Saved data entries
== Segment start ==

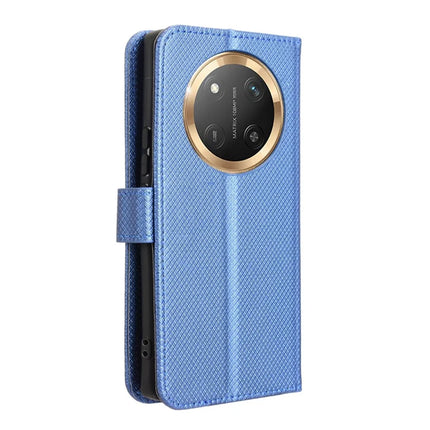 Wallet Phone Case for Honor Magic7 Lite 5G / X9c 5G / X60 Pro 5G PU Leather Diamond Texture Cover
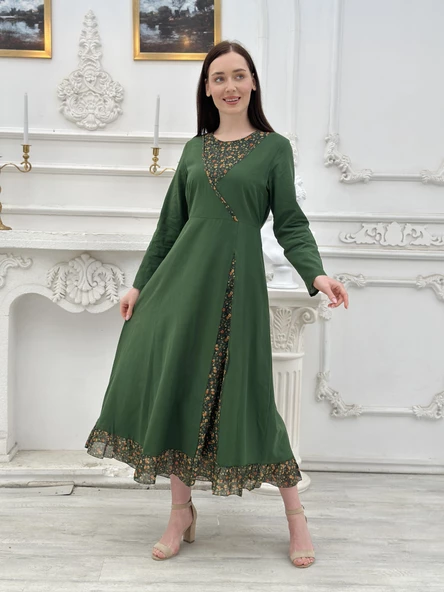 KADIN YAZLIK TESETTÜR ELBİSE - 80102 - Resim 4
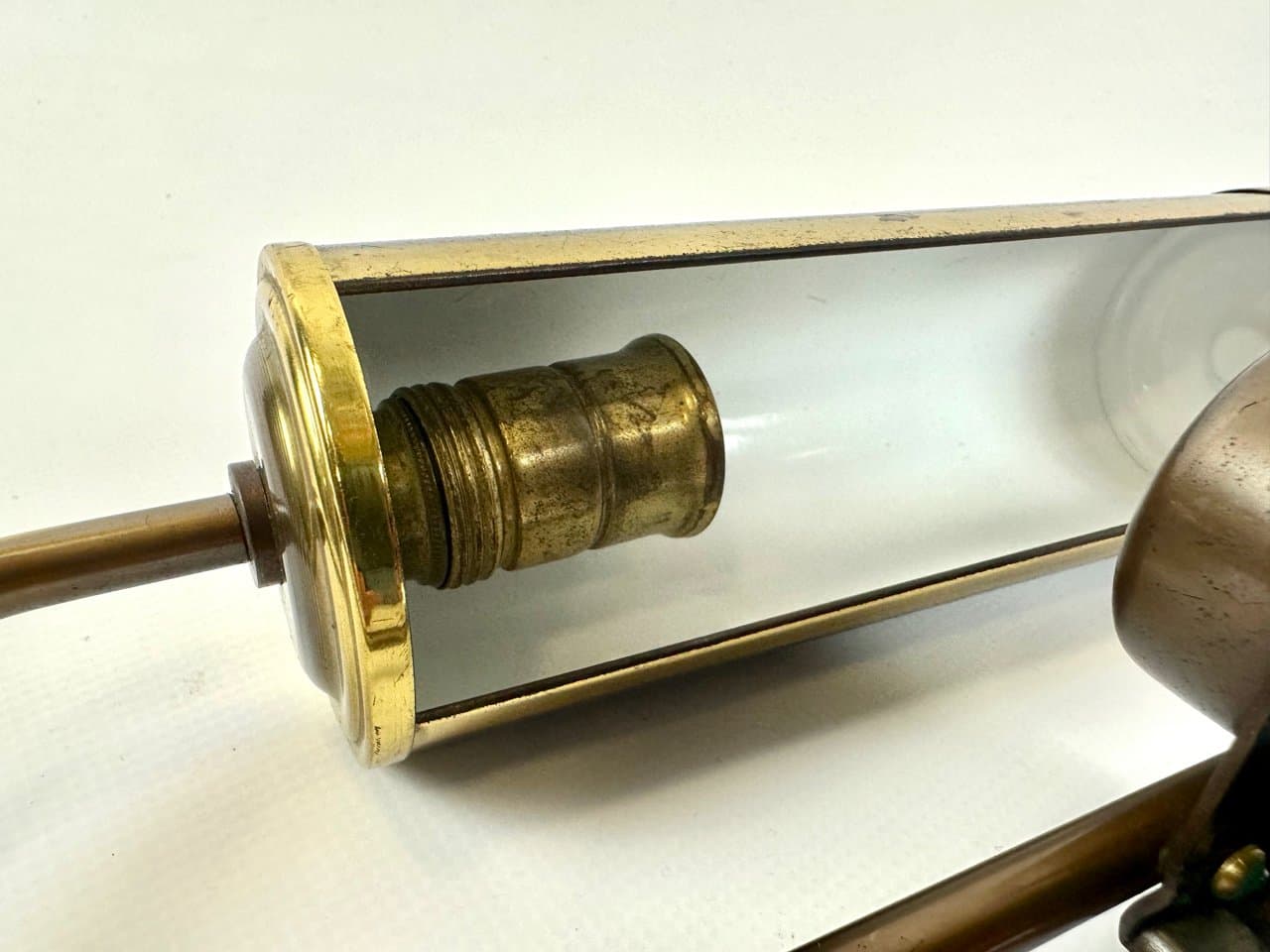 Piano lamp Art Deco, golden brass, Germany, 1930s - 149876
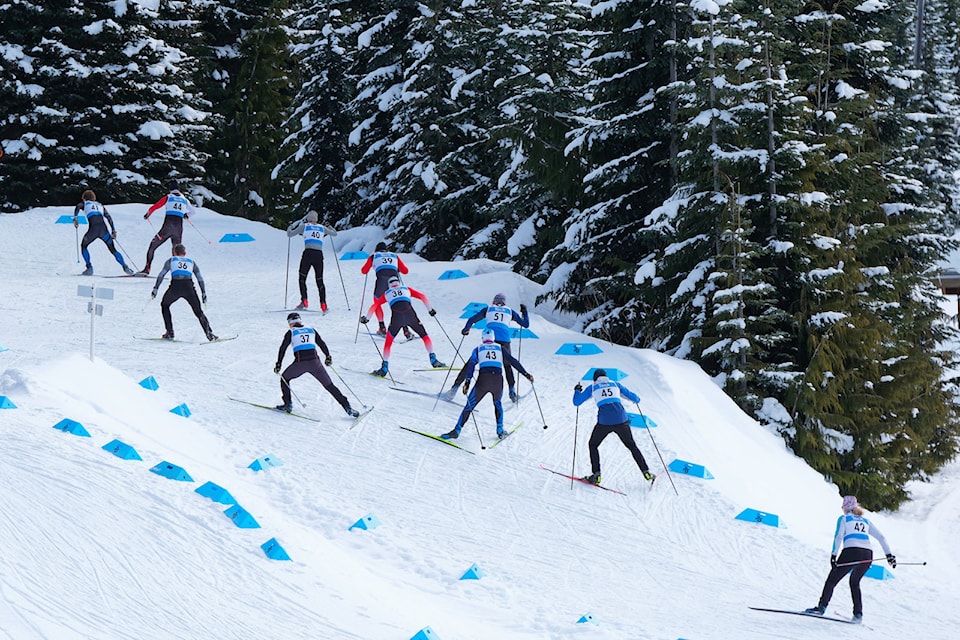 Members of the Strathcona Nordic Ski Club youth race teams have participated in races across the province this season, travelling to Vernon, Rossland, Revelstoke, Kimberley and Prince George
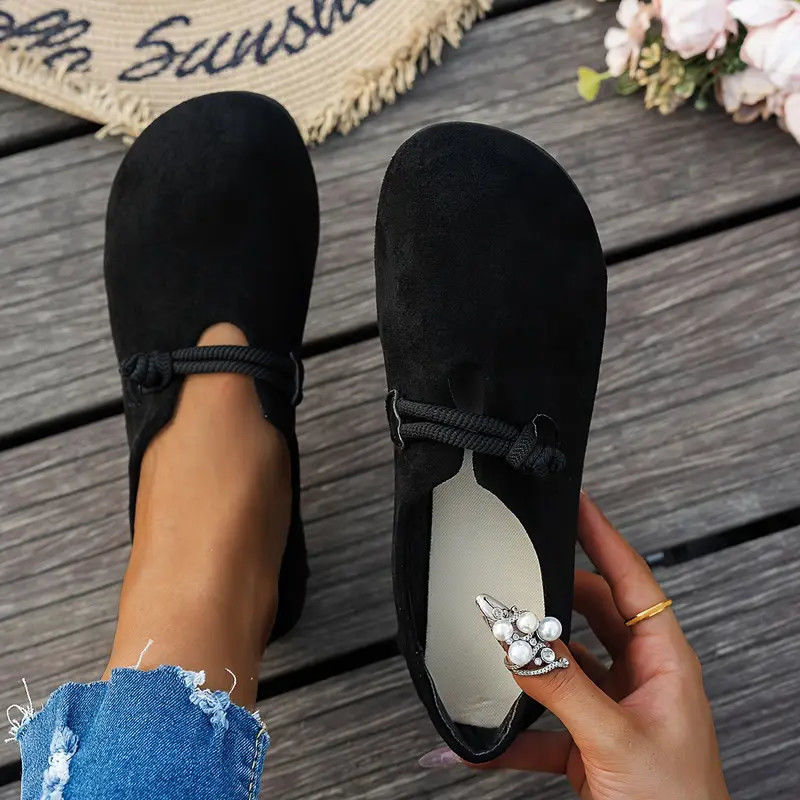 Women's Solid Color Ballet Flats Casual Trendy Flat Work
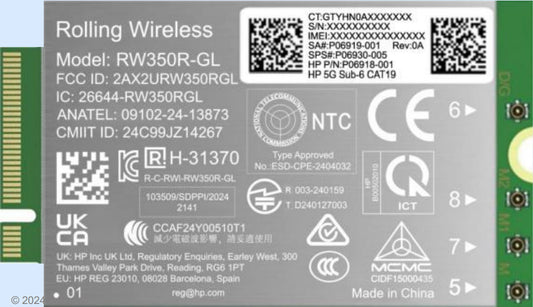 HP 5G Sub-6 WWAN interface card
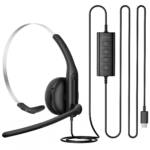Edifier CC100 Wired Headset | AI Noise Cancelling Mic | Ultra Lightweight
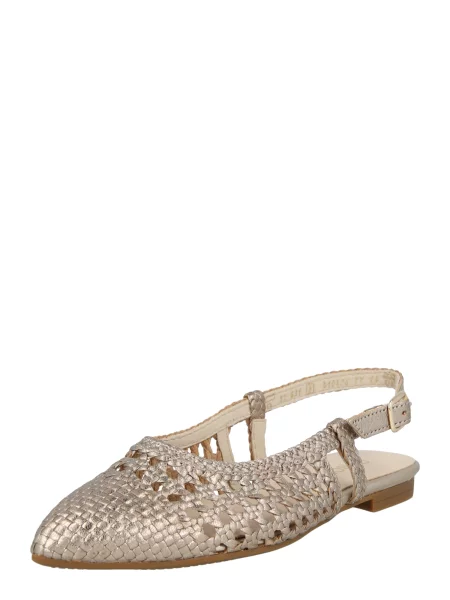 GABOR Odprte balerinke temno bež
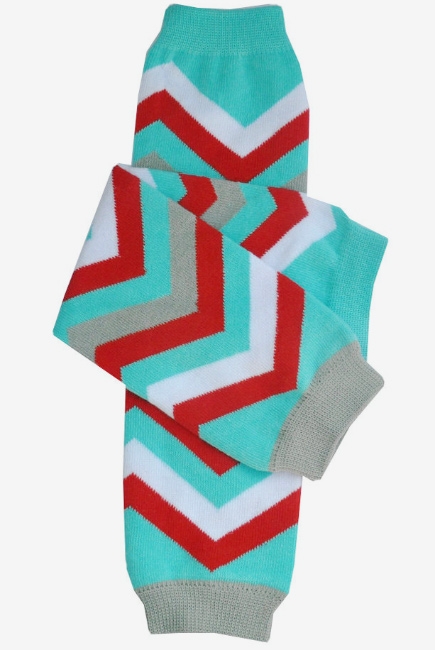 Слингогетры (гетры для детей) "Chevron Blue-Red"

== Segment end ==

Leaving the images out, print the records above exactly.

 Wallet Phone Case for Honor Magic7 Lite 5G / X9c 5G / X60 Pro 5G PU Leather Diamond Texture Cover
 KADIN YAZLIK TESETTÜR ELBİSE - 80102 - Resim 4
 Piano lamp Art Deco, golden brass, Germany, 1930s - 149876
 Members of the Strathcona Nordic Ski Club youth race teams have participated in races across the province this season, travelling to Vernon, Rossland, Revelstoke, Kimberley and Prince George
 Women's Solid Color Ballet Flats Casual Trendy Flat Work
 HP 5G Sub-6 WWAN interface card
Edifier CC100 Wired Headset | AI Noise Cancelling Mic | Ultra Lightweight
 GABOR Odprte balerinke temno bež
 Слингогетры (гетры для детей) "Chevron Blue-Red"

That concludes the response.